§ **Description of the task**
The expected output is an exact copy of the lines from the one containing "Ketua DPRD Lombok" through the final line of the entries below, with no images.

[Brief descriptive captions]
***
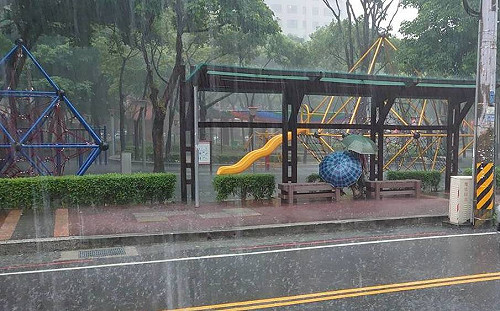 週末踏青記得帶傘！各地山區午後雷陣雨機率高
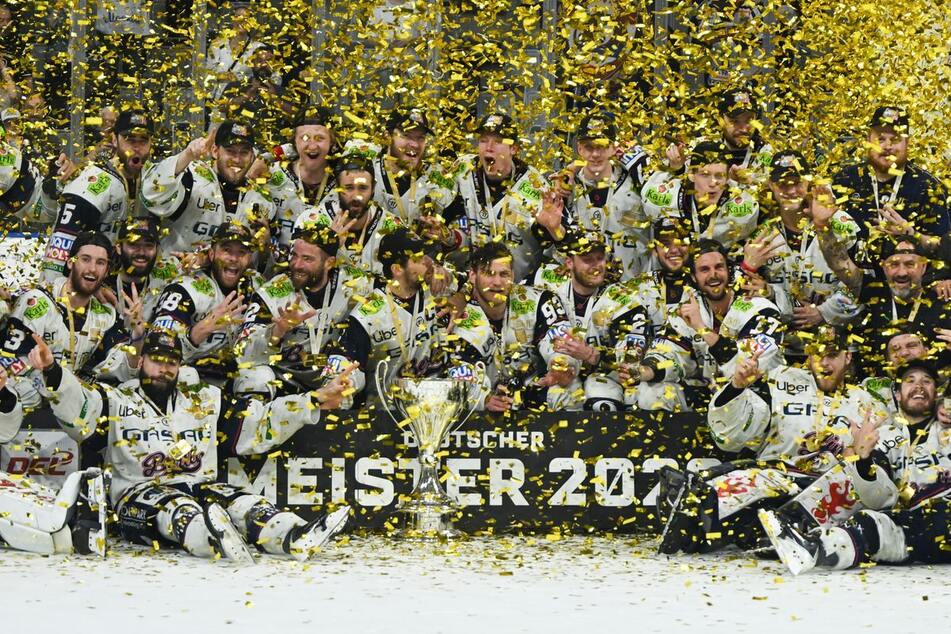 Die Eisbären Berlin freuen sich über den Gewinn der Deutschen Meisterschaft.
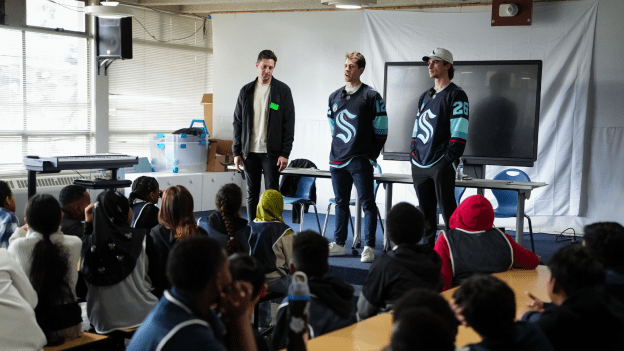 Kraken Players Help Spread Gift Of Ball Hockey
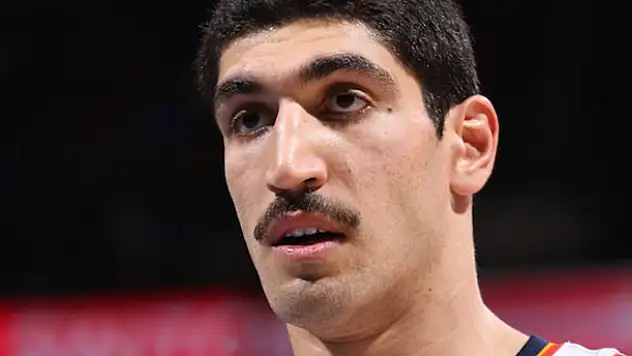 FETÖ'cü Enes Kanter Romanya'da polis tarafından alıkoyuldu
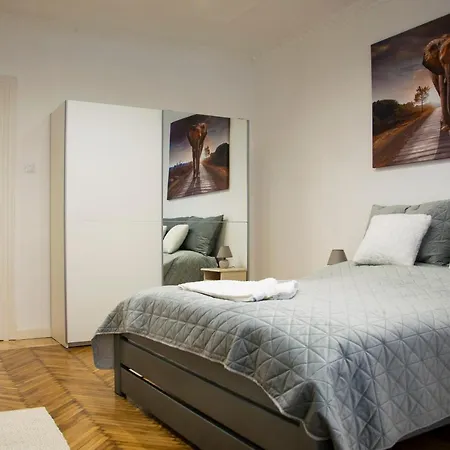 Season One Apartman Segedyn Zewnętrze zdjęcie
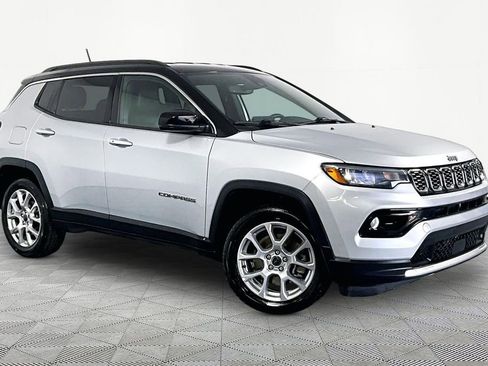 Used 2025 Jeep Compass Limited AWD/4WD image 1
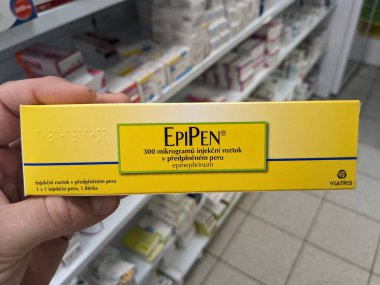 Prag, Çek Cumhuriyeti - 10 Temmuz 2024: EPIPEN ilaç kutusu MYLAN tarafından EPINEPHRINE aktif madde, anafilaksi acil tedavisinde kullanılır.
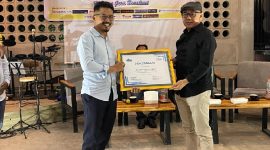 Ketua DPRD Lombok Timur, M. Yusri saat menerima piagam penghargaan dari Fokus Lotim dan SMSI di acara diskusi publik, Sabtu 01 Februari 2025. (Foto: Lombokini.com).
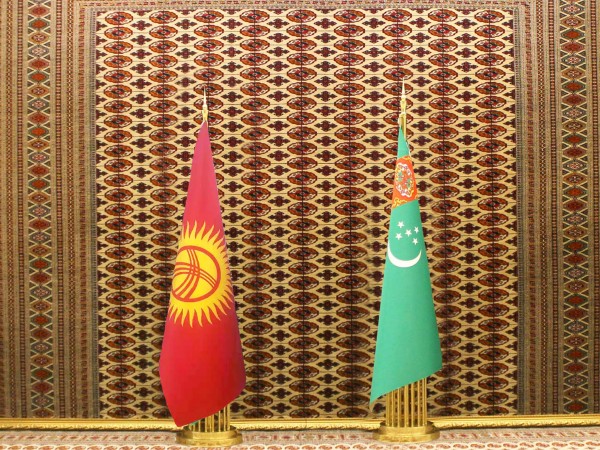 Meeting of the President of Turkmenistan with the President of the Kyrgyz Republic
***
§ **Answer section**
 Ketua DPRD Lombok Timur, M. Yusri saat menerima piagam penghargaan dari Fokus Lotim dan SMSI di acara diskusi publik, Sabtu 01 Februari 2025. (Foto: Lombokini.com).
 Meeting of the President of Turkmenistan with the President of the Kyrgyz Republic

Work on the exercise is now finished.